Here is my issue. I have a project that took way to long to get to the finishing process over the summer. I need to complete the job during this winter, but with the lower temperatures, finishing in my garage would be impossible. I have a less than 400 sq foot uninsulated garage, three windows that are nailed shut, a pullup front wood panel garage door, an entrance door, and concrete poured floors. I also live in southern Illinois so the winters don't get below 0. I would like to figure out the cheapest and most portable heater that I could purchase to heat my garage while I am putting on finish at the very least. I do know that I should place some types of gaskets in the cracks of the entrance door and the garage door to help keep the cold draft out, but for what type of heater I'm at a loss. I am open to fuel types and electrical types, but I lean more towards an electrical solution. I do not have 220VAC in the garage so I would prefer to use a 110v model. The type of finish I plan on using is a run of the mill Fast-drying Minwax poly. My plan would be to heat the garage for 2 days at the most running continuously for finishing. I'm virtually a weekend warrior so I wouldn't imagine 2 days would put too much strain on the heater.
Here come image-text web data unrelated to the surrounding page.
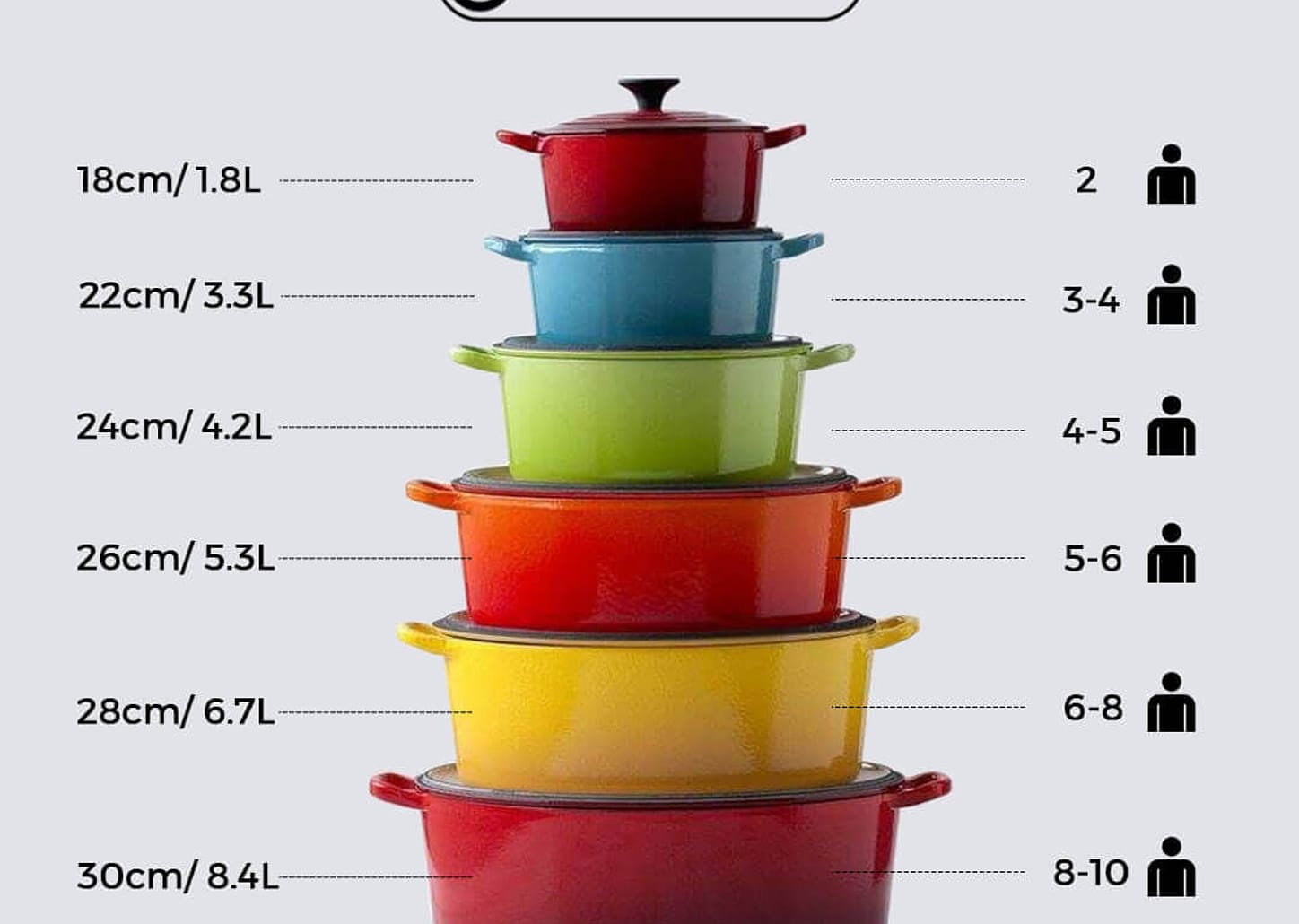 Panela De Ferro Para Risoto Le Creuset Signature Vermelha 30cm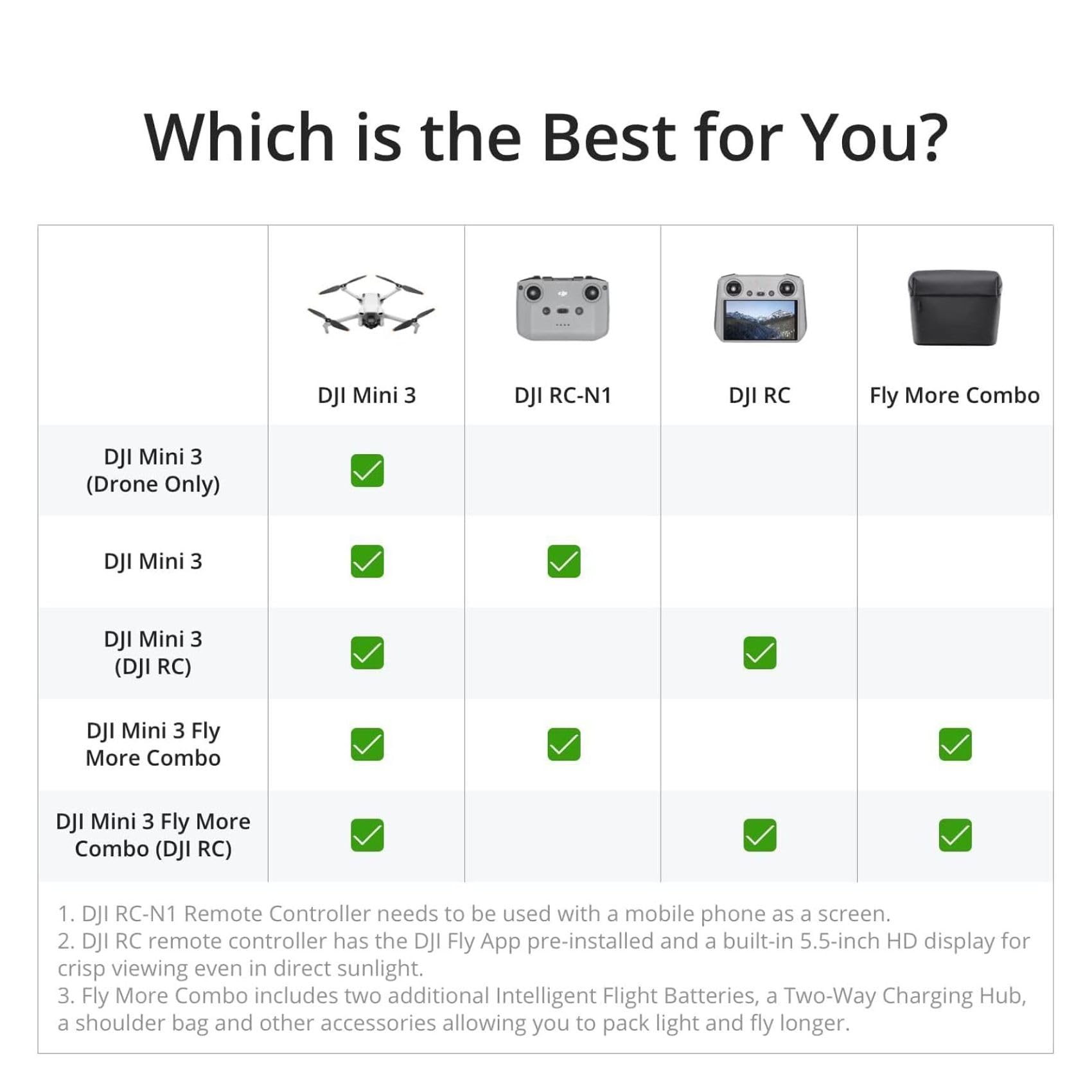 DJI Mini 3, Drones with Camera for Adults 4K, 38-min Flight Time, up to 32800ft (10km) Video Transmission, True Vertical Shooting, GPS Auto Return Integrated, Mini Drone with Camera for Beginners
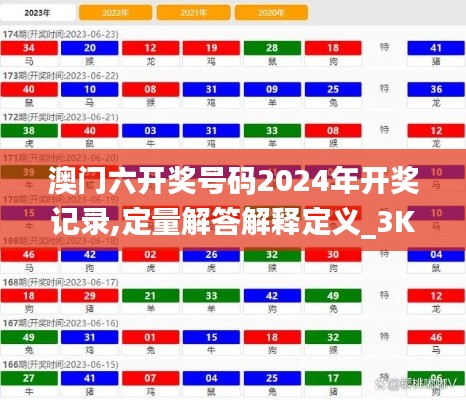 澳门六开奖号码2024年开奖记录,定量解答解释定义_3K138.444-4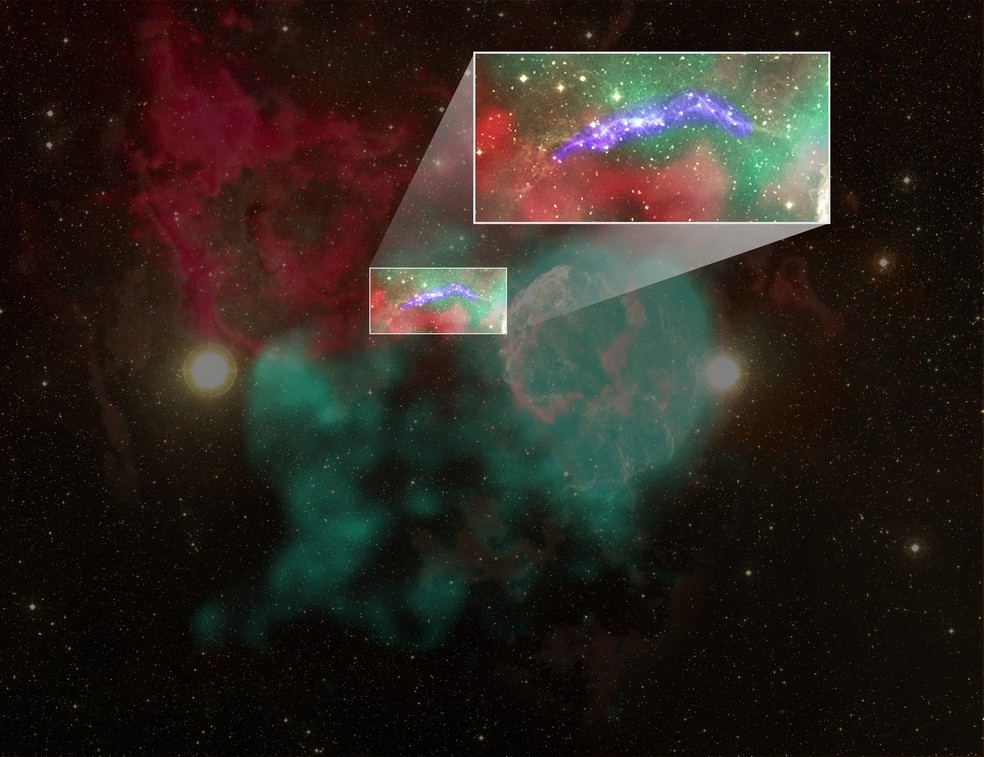 Imagem destaca um filamento observado em luz ultravioleta e visível que ajuda a delimitar G189.6+3.3 e reforça que ela é um resto de supernova separado de IC 443. — Foto: NASA Goddard e M. Michailidis et al. (2026).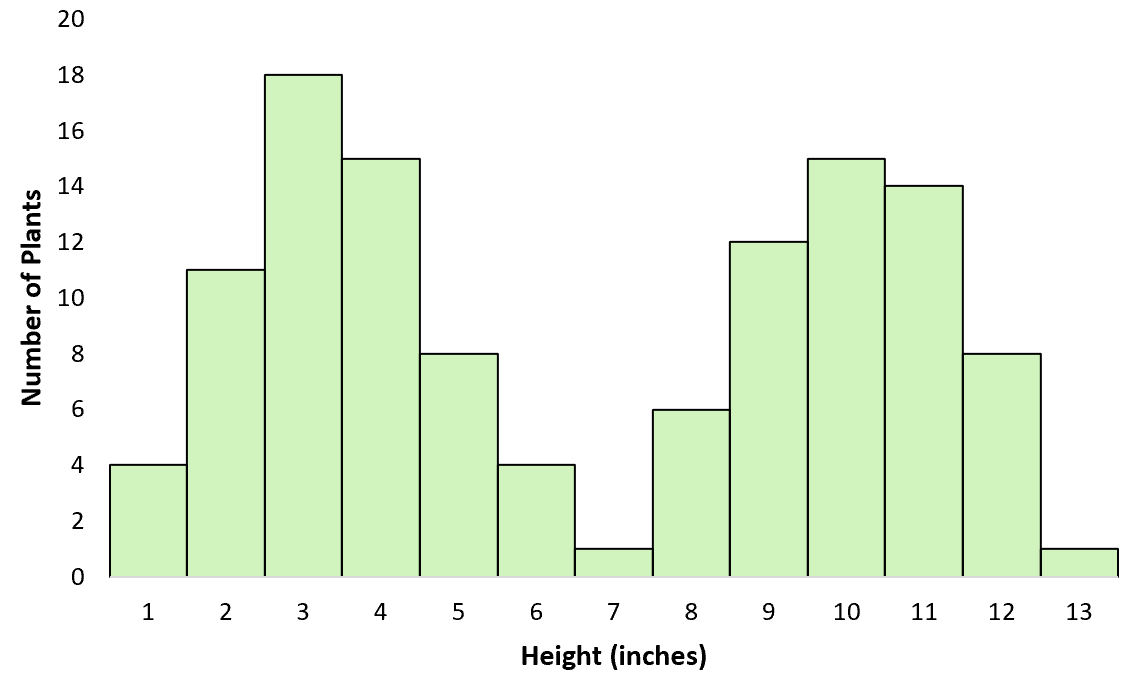 Bimodal distribution example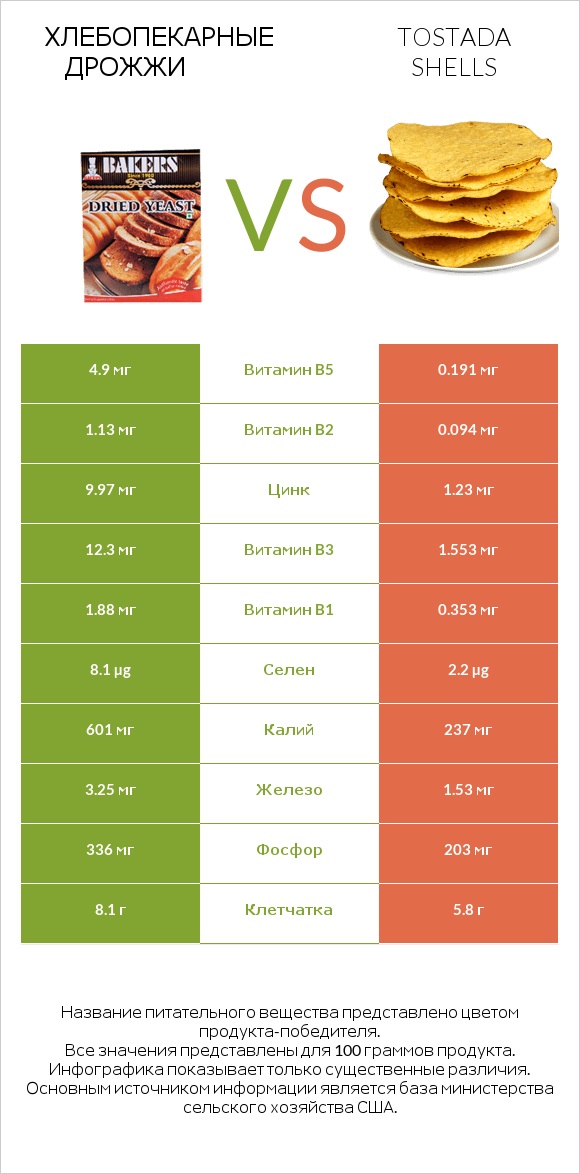 Хлебопекарные дрожжи vs Tostada shells infographic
If any body has any suggestions, I would appreciate it!


----------



## bondogaposis (Dec 18, 2011)

Insulate it first, especially the ceiling and you'll be a lot happier w/ whatever heater you get. This is heater that I use, it works well on propane.


----------



## MarkwithaK (Sep 12, 2009)

Like I've said in the past there is no cookie cuter answer to your question and as an HVAC guy I am a big proponent of doing an instal correctly the first time and that almost always starts with a heat loss calculation.

You mention that your windows are nailed shut but that doesn't actually have anything to do with it….the size and type of window does. How much of a temperature rise are you looking to get? By that I mean what is the ambient air temp and how what temp are you looking to achieve? 400 square foot isn't as easy to heat as you may think, especially on a slab floor. With decent insulation you're looking at, just off the top of my head, *roughly * 30,000-ish BTUs and if my estimate is even remotely close you're up over 9000 watts. On a 110VAC circuit that's a bit much.


----------



## bigblockyeti (Sep 9, 2013)

A couple of inexpensive 1500W forced air electric heaters should be able to get the job done. Most have thermostats of some kind to keep the temperature close to what you need.


----------



## Dwinkel5 (Nov 23, 2011)

The one thing I would tell you to watch out for is raising and lowering the temp past the dew point. If you let the garage get cold and you only heat it when you work out there, you will have major issues with rust on your tools.

I would also start with insulation, and use a heat source with a thermostat that will keep the temp above the dew point when you are not working.


----------



## MarkwithaK (Sep 12, 2009)

I should add that my numbers are base off of a 30* temperature rise.


----------